司教は開けっ放しのクロゼットに目をやり、2人のいる窓辺に近づいてくる。
彼の視線はバルトロメオに向いていた。

「修道院内を嗅ぎ回るばかりか、こんな場所まで開けに来るとは。さすがに勝手が過ぎるだろう」

バルトロメオが言い返す。

「俺には捜査権限がある。そしてアンタは、法王庁で裁きを受けることになる」
「ユァンの証言を元にか?」

司教があざけるような笑みを浮かべた。

「ユァンはもともと花街で生まれ育った子供だ。ここへ来た時にはすでに、男をたぶらかすことを覚えていた。いろいろと認知にゆがみがある。そういう者の話を真に受けるなど馬鹿馬鹿しい」
「そんなのうそだ!」

ユァンはバルトロメオのそでを強く握る。

「嘘なものか」

司教がユァンを見据えた。

「お前が花街の子供だったことは事実だ」
「あなたが、僕を教会の子供にした」
「その通りだ」
「ならどうして、ちゃんと愛してくださらなかったのですか!」

ユァンの目に、悲しいのか悔しいのか分からない、やり切れない涙が浮かんだ。
涙目でにらまれて、司教の顔にも動揺の色が広がる。

「いったいどうすればよかったんだ。私は私なりに、お前を愛してきたつもりだ」
「だとしても、僕が望んでいたのはこんなものじゃない!」

手に持っていた張形を、ユァンは力いっぱい司教の足下へ投げつける。

「どうして自分があんな扱いを受けたのか、あの頃の僕には分からなかった。けど、今話を聞いていてようやく分かった! あなたがちゃんと僕の話を聞いて、向き合おうとしてくれなかったのは、僕をただの身寄りのない、卑しい生まれの子供だと思って軽んじていたからだ!」

投げつけた張形は一度跳ねたあところころと転がり、部屋の隅に力なく横たわった。

「僕は絶対にこの悔しさを忘れない。養護院にいる身寄りのない子供たちが、同じ思いをしなくてすむように……」

激情から始まったユァンの言葉が、胸の震えのせいで途切れ途切れになる。

「毎日、毎日、僕はあの子たちの幸せを……神さまに、祈る……。

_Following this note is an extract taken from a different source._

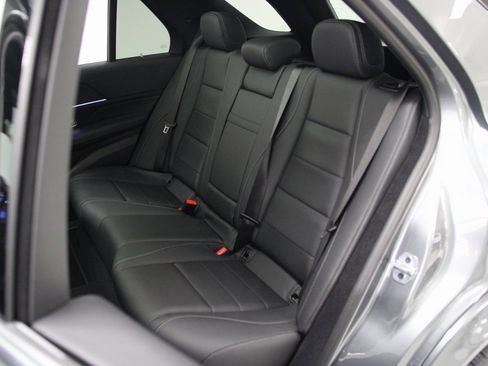 New 2026 Mercedes-Benz GLE 450 4MATIC image 13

だから、あなたも忘れないで……僕をまだ、ほんの少しでも、愛しいと思ってくださるなら……」

そんなユァンの祈りに、司教は何も答えなかった。
彼は何度か戸惑うようにまばたきをして、ユァンの投げ捨てた張形を拾いに行く。
その背中が言った。

(欲深い? 修道士が愛を求めることは、やっぱり欲深いことなんだろうか……)

動揺するユァンのそばで、バルトロメオがつぶやく。

「いや、子供はみんな愛されるべきだ」

(あ――)

その声はユァンには、神さまの声に聞こえた。
しおりを挟む

処理中です...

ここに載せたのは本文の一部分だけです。